• _The task_: Set out exactly, and with nothing added, the line containing "Discover shrimp and" and every line after it through the final line of the data.

━━━━━━━━

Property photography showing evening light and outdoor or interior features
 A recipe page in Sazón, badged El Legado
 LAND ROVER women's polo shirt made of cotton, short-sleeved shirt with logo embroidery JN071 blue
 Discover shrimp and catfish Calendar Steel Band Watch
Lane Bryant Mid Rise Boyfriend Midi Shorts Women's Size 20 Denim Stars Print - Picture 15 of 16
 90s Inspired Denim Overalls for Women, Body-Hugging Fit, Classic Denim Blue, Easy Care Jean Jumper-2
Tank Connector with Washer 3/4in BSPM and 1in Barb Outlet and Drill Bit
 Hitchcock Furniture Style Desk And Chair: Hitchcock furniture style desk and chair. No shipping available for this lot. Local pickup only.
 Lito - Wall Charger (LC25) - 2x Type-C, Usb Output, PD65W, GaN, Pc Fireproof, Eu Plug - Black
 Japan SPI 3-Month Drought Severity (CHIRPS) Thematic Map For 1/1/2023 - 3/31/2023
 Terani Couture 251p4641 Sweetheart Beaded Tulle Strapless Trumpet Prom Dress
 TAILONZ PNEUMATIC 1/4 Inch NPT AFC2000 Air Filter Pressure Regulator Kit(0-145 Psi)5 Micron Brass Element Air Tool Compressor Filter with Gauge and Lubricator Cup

━━━━━━━━

• _Exercise answer_:
 Discover shrimp and catfish Calendar Steel Band Watch
Lane Bryant Mid Rise Boyfriend Midi Shorts Women's Size 20 Denim Stars Print - Picture 15 of 16
 90s Inspired Denim Overalls for Women, Body-Hugging Fit, Classic Denim Blue, Easy Care Jean Jumper-2
Tank Connector with Washer 3/4in BSPM and 1in Barb Outlet and Drill Bit
 Hitchcock Furniture Style Desk And Chair: Hitchcock furniture style desk and chair. No shipping available for this lot. Local pickup only.
 Lito - Wall Charger (LC25) - 2x Type-C, Usb Output, PD65W, GaN, Pc Fireproof, Eu Plug - Black
 Japan SPI 3-Month Drought Severity (CHIRPS) Thematic Map For 1/1/2023 - 3/31/2023
 Terani Couture 251p4641 Sweetheart Beaded Tulle Strapless Trumpet Prom Dress
 TAILONZ PNEUMATIC 1/4 Inch NPT AFC2000 Air Filter Pressure Regulator Kit(0-145 Psi)5 Micron Brass Element Air Tool Compressor Filter with Gauge and Lubricator Cup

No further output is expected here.